● Task item
Restate word for word the lines below, from the one containing "a bedroom with a bed mirror and a lamp" through the final line, with no pictures included.
Listed entries section start
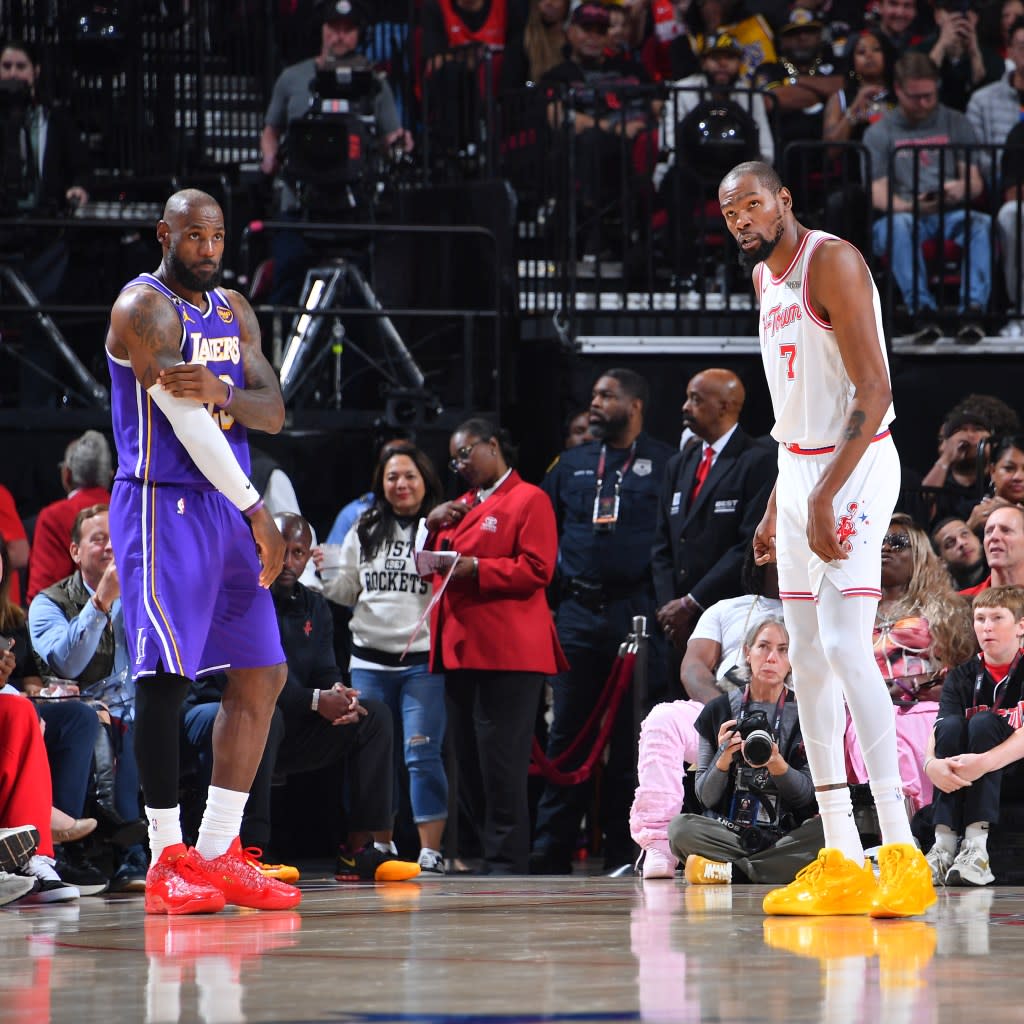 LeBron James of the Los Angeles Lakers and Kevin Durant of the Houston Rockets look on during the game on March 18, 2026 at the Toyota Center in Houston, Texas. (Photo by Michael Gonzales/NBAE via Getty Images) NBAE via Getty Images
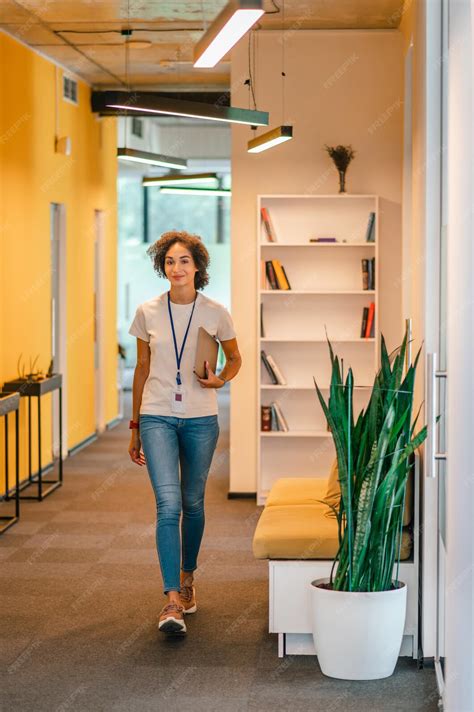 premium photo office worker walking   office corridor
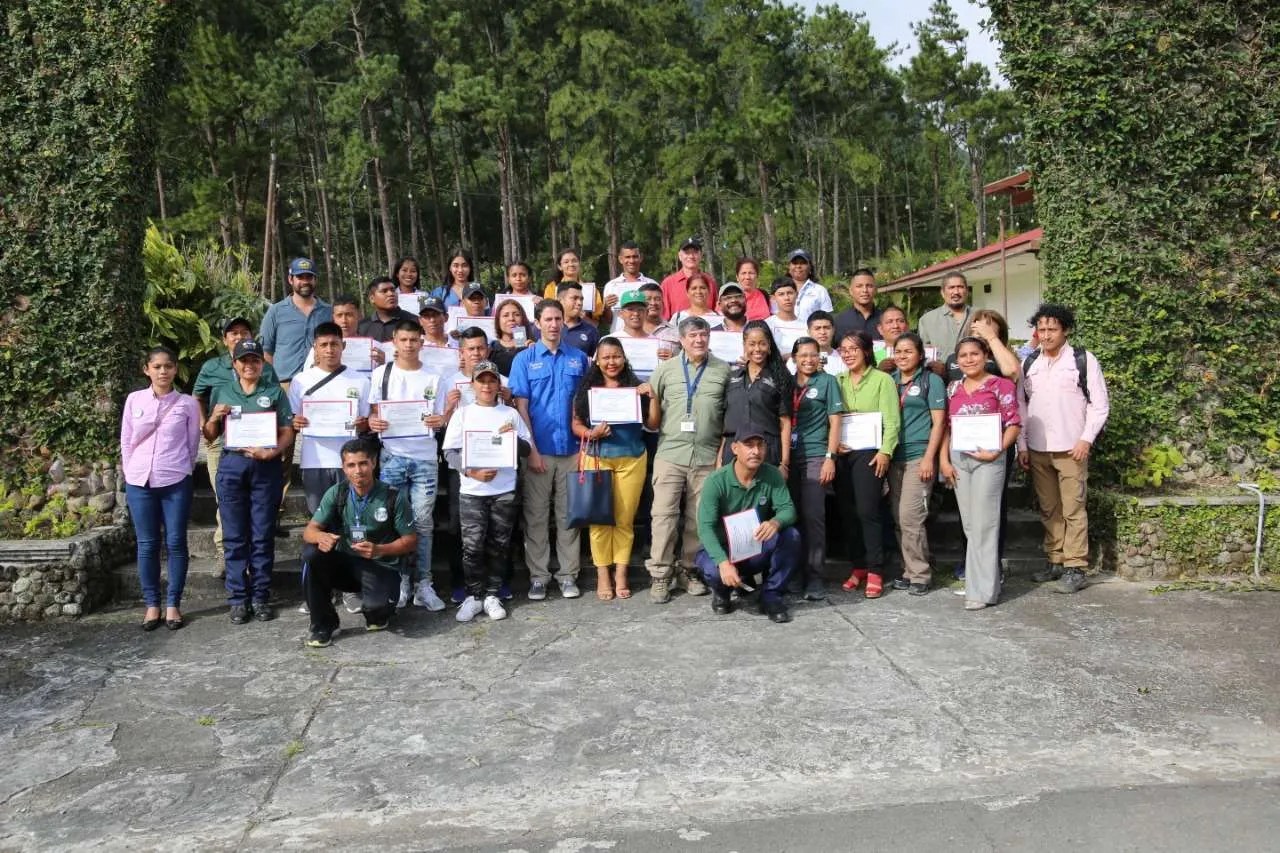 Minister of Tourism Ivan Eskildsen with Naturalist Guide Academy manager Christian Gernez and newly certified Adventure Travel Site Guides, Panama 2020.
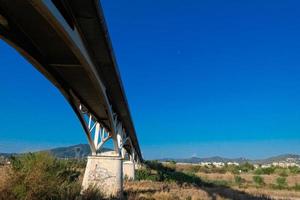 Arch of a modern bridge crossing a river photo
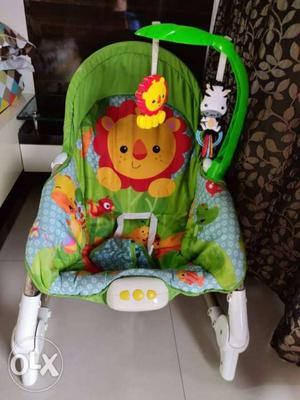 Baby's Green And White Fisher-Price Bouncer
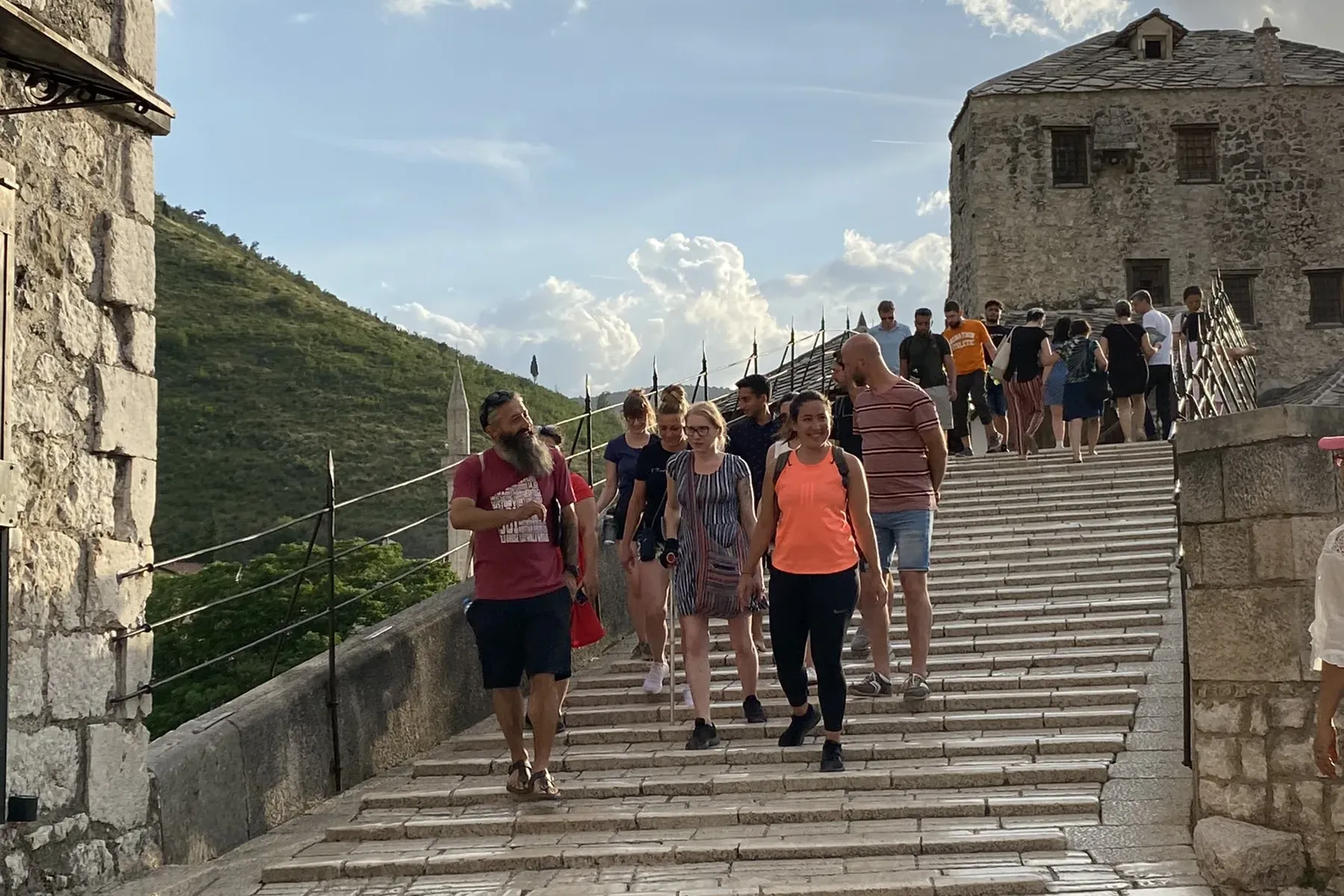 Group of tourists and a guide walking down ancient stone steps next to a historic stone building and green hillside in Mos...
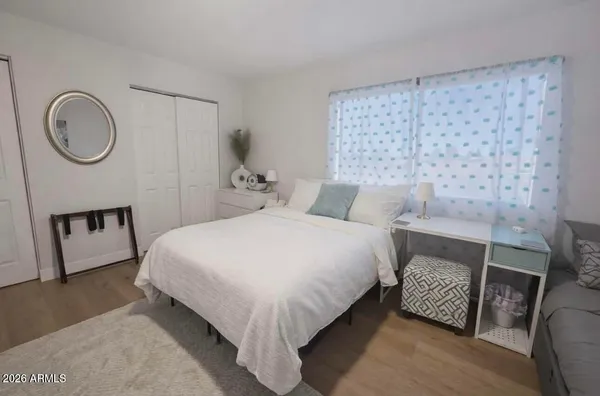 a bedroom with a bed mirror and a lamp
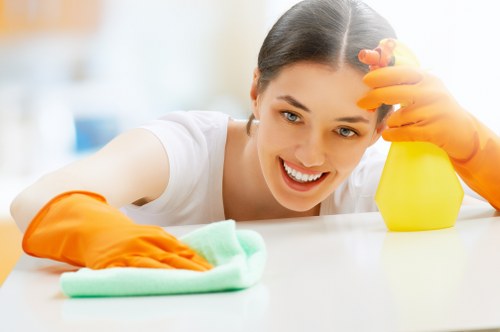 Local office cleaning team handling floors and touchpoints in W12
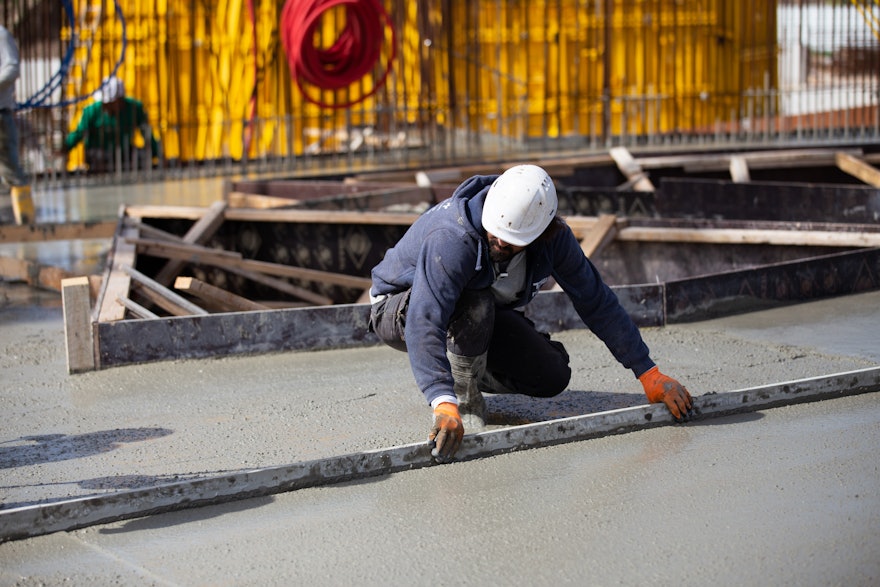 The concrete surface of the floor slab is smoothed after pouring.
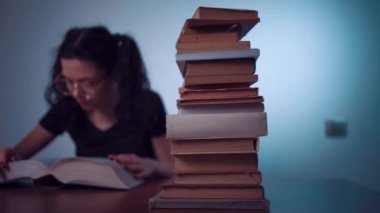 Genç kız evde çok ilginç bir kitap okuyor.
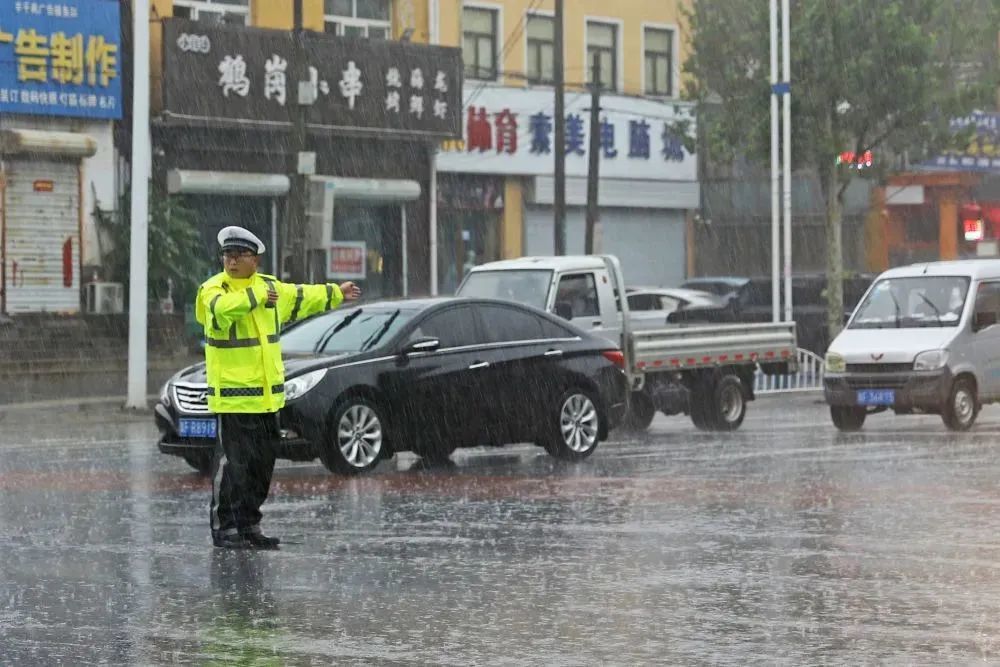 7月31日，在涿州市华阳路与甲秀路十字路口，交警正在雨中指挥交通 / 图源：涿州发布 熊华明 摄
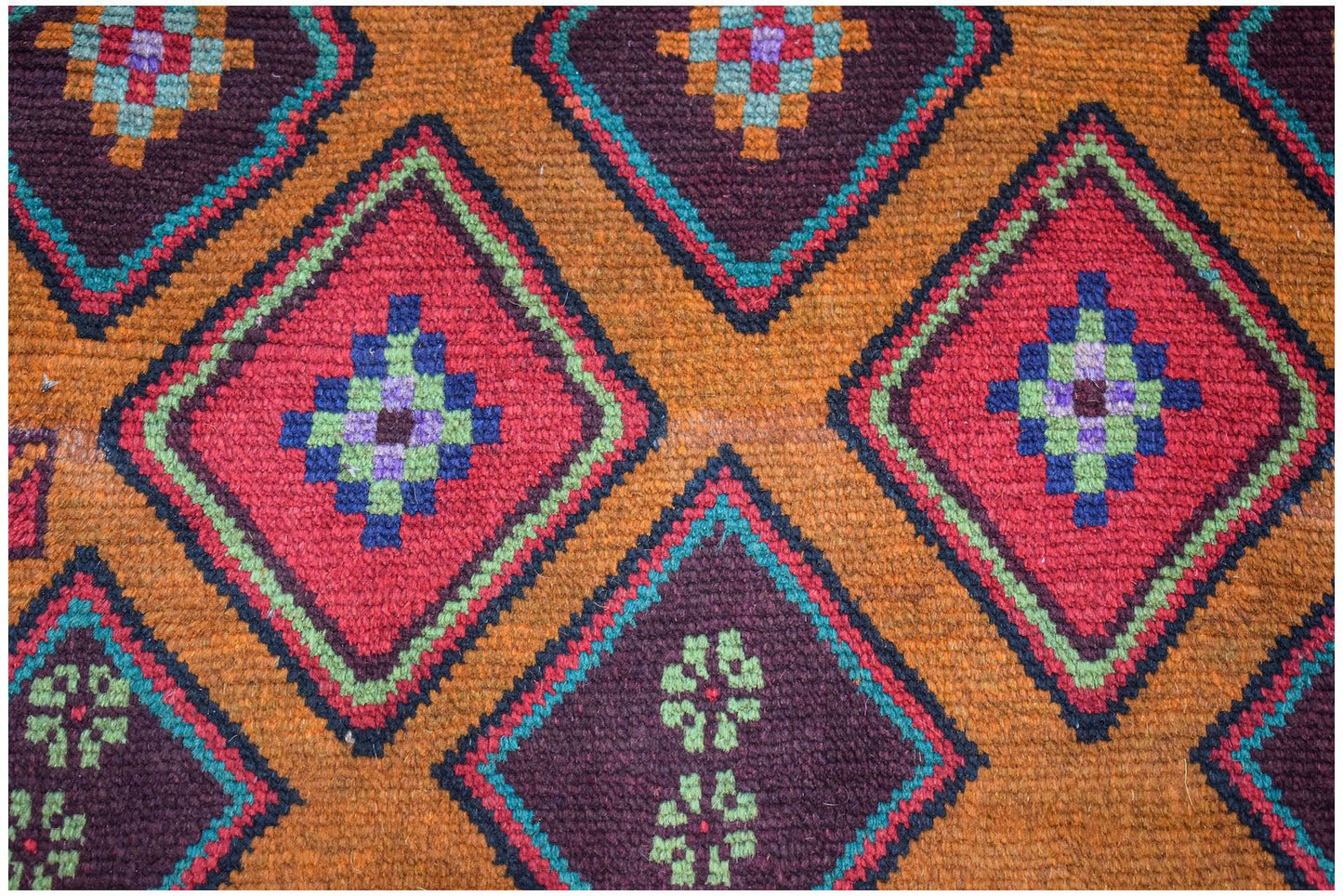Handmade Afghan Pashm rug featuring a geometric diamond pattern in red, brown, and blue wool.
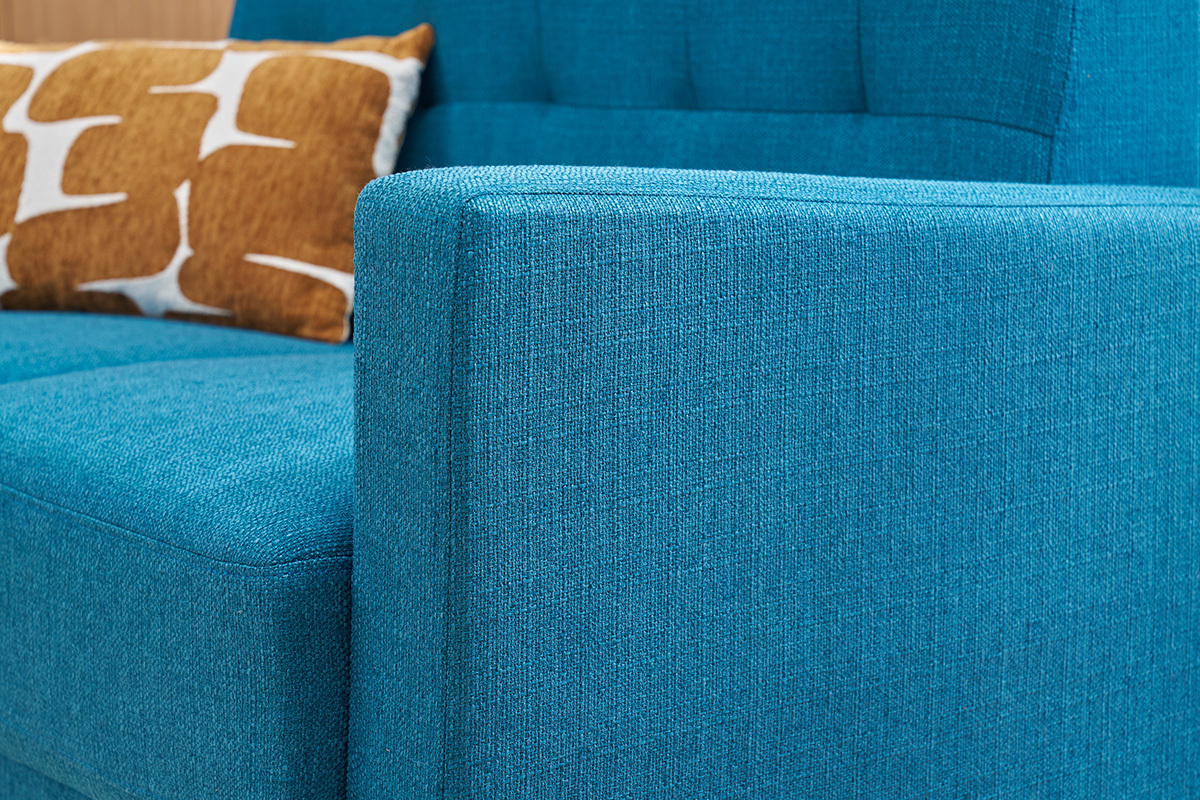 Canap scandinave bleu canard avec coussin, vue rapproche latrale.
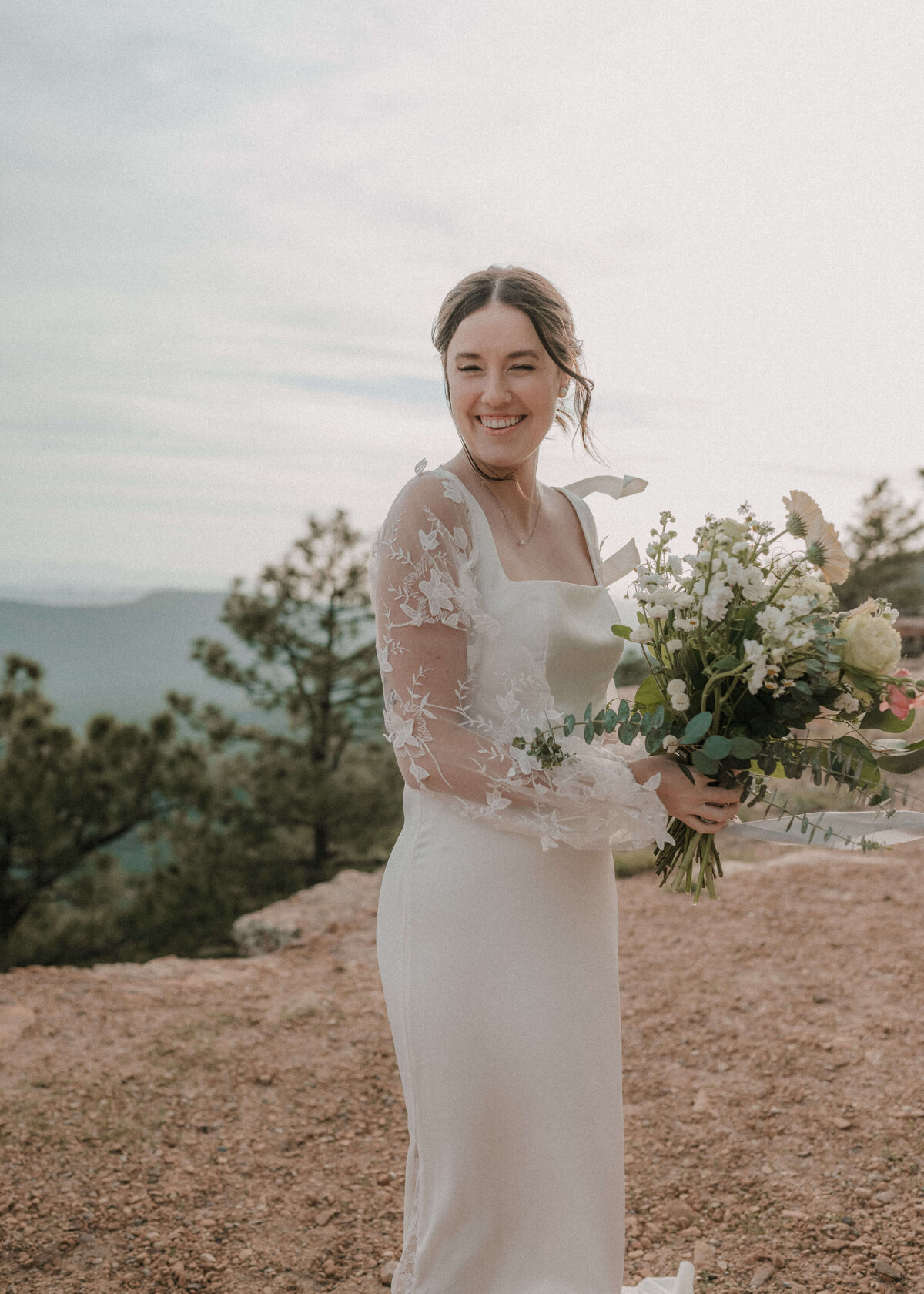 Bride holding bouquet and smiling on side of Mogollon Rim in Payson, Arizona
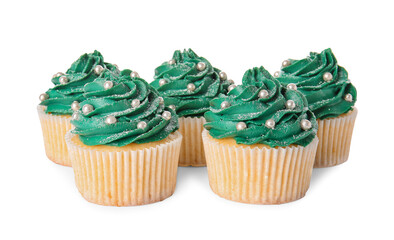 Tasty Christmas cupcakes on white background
Listed entries section end
● Output below
 a bedroom with a bed mirror and a lamp
 Local office cleaning team handling floors and touchpoints in W12
 The concrete surface of the floor slab is smoothed after pouring.
 Genç kız evde çok ilginç bir kitap okuyor.
 7月31日，在涿州市华阳路与甲秀路十字路口，交警正在雨中指挥交通 / 图源：涿州发布 熊华明 摄
Handmade Afghan Pashm rug featuring a geometric diamond pattern in red, brown, and blue wool.
 Canap scandinave bleu canard avec coussin, vue rapproche latrale.
 Bride holding bouquet and smiling on side of Mogollon Rim in Payson, Arizona
 Tasty Christmas cupcakes on white background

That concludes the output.